A imaginação dos pequenos mundurukus
influenciou o livro, como os prédios, que para Kaxi são "caixinhas de
morar", ou os carros, que parecem "caixinhas em cima de rodas".
Os anciões da aldeia ensinam que o céu é redondo, então por que construir tudo
em formato de caixas, questiona o pequeno curumim, no livro.

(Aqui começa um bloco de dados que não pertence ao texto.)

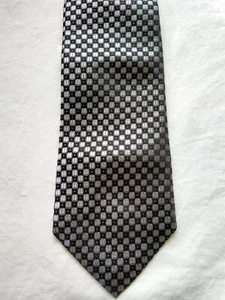 Macy's Charter Club Silk Silver Black Neck Tie - Picture 1 of 3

A cultura indígena ocupa evidentemente o maior
espaço na estante de Daniel Munduruku. Mas ele conta que tem espaço para outras
leituras. Apesar de citar em primeiro Darcy Ribeiro, fundamental para colocar
os indígenas em evidência, ele destaca o pensamento político de Hanna Arendt,
pelo qual se diz encantado, fala de um alinhamento filosófico com Platão e
Nietzsche. Na educação, se diz atraído pelo pensamento complexo de Edgar Morin
e a concretude de Paulo Freire.
O apetite literário do escritor indígena é
variado, ele revela que cabe de tudo, da "reflexão non sense" de
Paulo Coelho às tiradas existenciais de Saint-Exupery. No momento, lê "O
Romanceiro da Inconfidência", de Cecília Meirelles. "Cada obra tem
seus sentidos e leituras possíveis, gosto de pensar que o que leio é mais um
universo que jogo para dentro de mim", conclui Munduruku.
Formigas guerreiras
Distante da pacata Lorena,
o povo mundukuru (palavra que significa 'Formigas Guerreiras'), vive dias de
tensão e conflitos. Em novembro de 2012, uma operação da Polícia Federal cujo
alvo era o garimpo ilegal no norte do país acertou nos índios mundurukus. Seis
índios ficaram gravemente feridos e um foi morto.
Outra ação policial está
em curso e promete manter a temperatura elevada na região. Desta vez, o
objetivo é garantir os estudos de impacto de implantação da usina hidrelétrica
São Luís do Tapajós. Índios alegam que não foram consultados.
"Nossa região tornou-se um cenário de
guerra", comenta Daniel Munduruku. Ele observa que os povos indígenas
gostam do diálogo, e que a invasão das terras para ações policiais é
injustificada. "Não precisa invasão, mas parece que a vida das pessoas não
têm tanto valor quanto os interesses econômicos".